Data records
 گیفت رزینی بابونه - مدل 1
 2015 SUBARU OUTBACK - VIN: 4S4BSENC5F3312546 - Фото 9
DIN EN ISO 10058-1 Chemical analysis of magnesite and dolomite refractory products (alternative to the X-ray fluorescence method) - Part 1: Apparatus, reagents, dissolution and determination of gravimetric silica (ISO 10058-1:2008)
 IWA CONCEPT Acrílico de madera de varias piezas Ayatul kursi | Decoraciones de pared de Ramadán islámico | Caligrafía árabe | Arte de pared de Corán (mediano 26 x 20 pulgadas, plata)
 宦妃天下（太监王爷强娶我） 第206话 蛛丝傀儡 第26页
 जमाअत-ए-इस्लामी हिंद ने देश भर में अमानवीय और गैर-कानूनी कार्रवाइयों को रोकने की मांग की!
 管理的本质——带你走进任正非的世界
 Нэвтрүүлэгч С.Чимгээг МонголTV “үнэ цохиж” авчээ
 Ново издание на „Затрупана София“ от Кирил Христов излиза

Goal of the exercise
Whatever lies between the line containing "宦妃天下（太监王爷强娶我） 第206话 蛛丝傀儡 第26页" and the final line above, both included, must be returned exactly.

Response to the task
 宦妃天下（太监王爷强娶我） 第206话 蛛丝傀儡 第26页
 जमाअत-ए-इस्लामी हिंद ने देश भर में अमानवीय और गैर-कानूनी कार्रवाइयों को रोकने की मांग की!
 管理的本质——带你走进任正非的世界
 Нэвтрүүлэгч С.Чимгээг МонголTV “үнэ цохиж” авчээ
 Ново издание на „Затрупана София“ от Кирил Христов излиза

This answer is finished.